Bitcoin reclaimed the $61,000 level during Asian trading Saturday after briefly falling below $60,000 overnight. The digital asset dropped as low as $59,227 before buyers stepped in, recovering more than $1,500 off the low.
The bounce came as traders watched the key $60,000 support level. The selloff originated outside crypto after Friday's strong nonfarm payrolls report led markets to aggressively reprice Federal Reserve expectations. Swaps now fully price a rate hike by the end of 2026, a major shift from the rate cuts expected under newly confirmed Chair Kevin Warsh.
The Nasdaq 100 sank about 5%, its steepest drop since April 2025. A gauge of chipmakers tumbled 10%. Two-year Treasury yields jumped 12 basis points to 4.16%.
The leverage washout was heavy: roughly $1.6 billion in positions liquidated across 308,000 traders over 24 hours. Longs accounted for $1.21 billion of that total.

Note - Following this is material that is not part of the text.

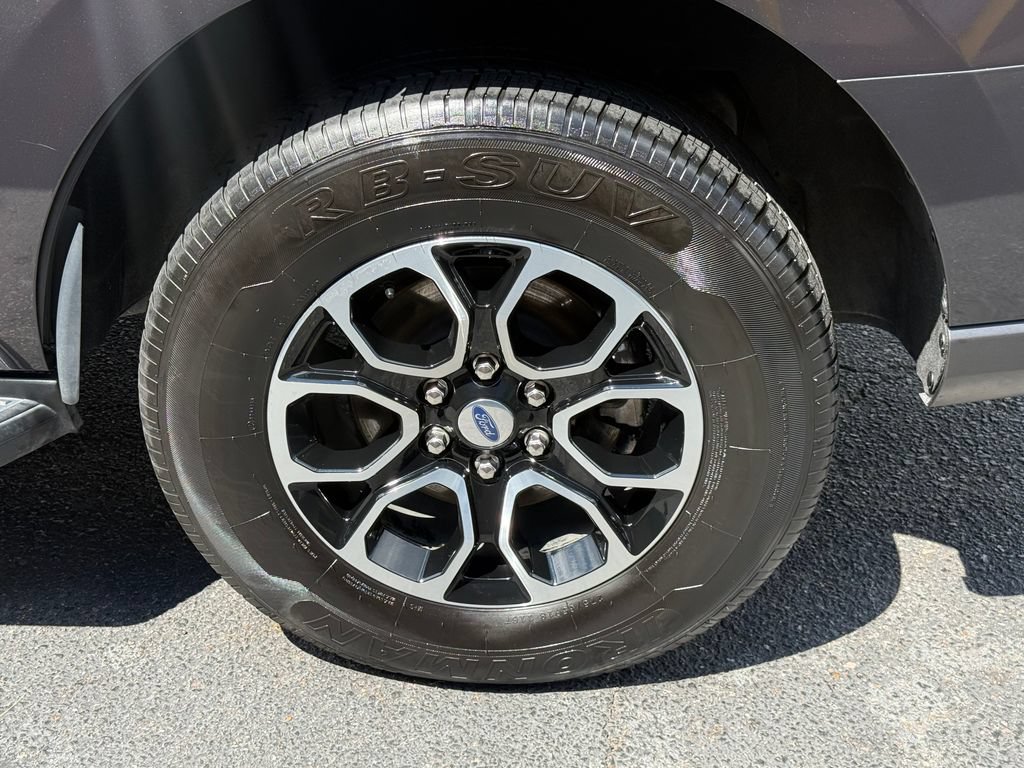 Used 2024 Ford Expedition XLT RWD image 44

Bitcoin alone saw $534 million in liquidations, while ether lost $423 million.
Ether is down 21.6% over seven days to around $1,575. Solana fell 23.7% to $63. XRP, dogecoin, and BNB are all 13% to 20% lower.
The question now: can bitcoin build on this bounce, or will a retest of $60,000 break the level and send the token back to territory last seen during February's drawdown?